Na introdução do documento, consta: “Apenas em três semanas são assassinadas no Brasil mais pessoas do que o total de mortos em todos os ataques terroristas no mundo nos cinco primeiros meses de 2017”. Logo no primeiro dia deste ano, uma rebelião no Complexo Penitenciário Anísio Jobim, em Manaus, deixou 56 mortos. Dias depois, no Penitenciária de Alcaçuz, 26 detentos foram assassinados – quase todos decapitados – na rebelião mais violenta da história do Rio Grande do Norte (segundo o documento, o estado que apresentou a maior alta na taxa de homicídios durante o período analisado).

Em unidades da federação como São Paulo e Rio de Janeiro, onde as taxas tiveram queda significativa (respectivamente, 44,3% e 36,4%), há uma constante: de acordo com dados do Sistema de Informação sobre Mortalidade, estes são os estados onde mais morrem jovens em decorrência de “intervenções legais e operações de guerra”. Invasão de favelas e instalação de Unidades de Polícia Pacificadora (UPPs) em complexos estão entre as explicações para o fato.

Analisando o total das mortes violentas no País, o Ipea conclui que os homens jovens continuam sendo suas principais vítimas: mais de 92% dos homicídios atingem essa parcela da população. À essa questão, o Atlas dedica um capítulo intitulado “Juventude Perdida”, no qual aponta que, entre 2005 e 2015, registrou-se um aumento de 17,2% na taxa de homicídios de indivíduos entre 15 e 29 anos (dados do Ministério da Saúde).

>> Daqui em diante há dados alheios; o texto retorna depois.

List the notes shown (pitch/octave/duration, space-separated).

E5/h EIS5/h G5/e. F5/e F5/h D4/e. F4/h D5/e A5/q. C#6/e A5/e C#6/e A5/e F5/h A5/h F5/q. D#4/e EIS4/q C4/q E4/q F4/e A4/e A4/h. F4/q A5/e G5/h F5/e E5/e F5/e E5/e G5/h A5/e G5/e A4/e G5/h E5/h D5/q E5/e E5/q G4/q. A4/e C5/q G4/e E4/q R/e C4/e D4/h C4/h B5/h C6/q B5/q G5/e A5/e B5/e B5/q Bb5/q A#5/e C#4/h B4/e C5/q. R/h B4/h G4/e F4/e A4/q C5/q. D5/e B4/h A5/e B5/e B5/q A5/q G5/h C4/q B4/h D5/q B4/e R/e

A mortalidade de pessoas negras também merece atenção especial. Análises estimam que o cidadão negro tenha 23,5% a mais de chances de ser assassinado, em relação a cidadãos de outras etnias. No grupo dos 10% com mais probabilidade de se tornar vítimas fatais, os negros perfazem chocantes 78,9%.

Por fim, o Atlas aborda a violência contra a mulher. Entre 2010 e 2015, verifica-se uma melhora gradual (de 1,5%) na taxa de homicídio do gênero, e apenas no último ano, 18 unidades da federação apresentaram queda na taxa. Conquistas como a Lei Maria da Penha (2006) e a Lei do Feminicídio (que em março completou dois anos desde sua sanção), ajudam a explicar o progresso. Contudo, os números que conectam o gênero a cor nos revelam uma outra realidade: Em 2015, 65,3% das mulheres assassinadas no Brasil eram negras.

Diante das análises mencionadas, conclui-se que os números da violência são consequências diretas do êxito ou do fracasso do Estado na elaboração e execução de políticas públicas que resguardem a vida de seus cidadãos, sobretudo daqueles que, por reunirem atributos socioeconômicos marginalizados, continuam sendo os mais vulneráveis.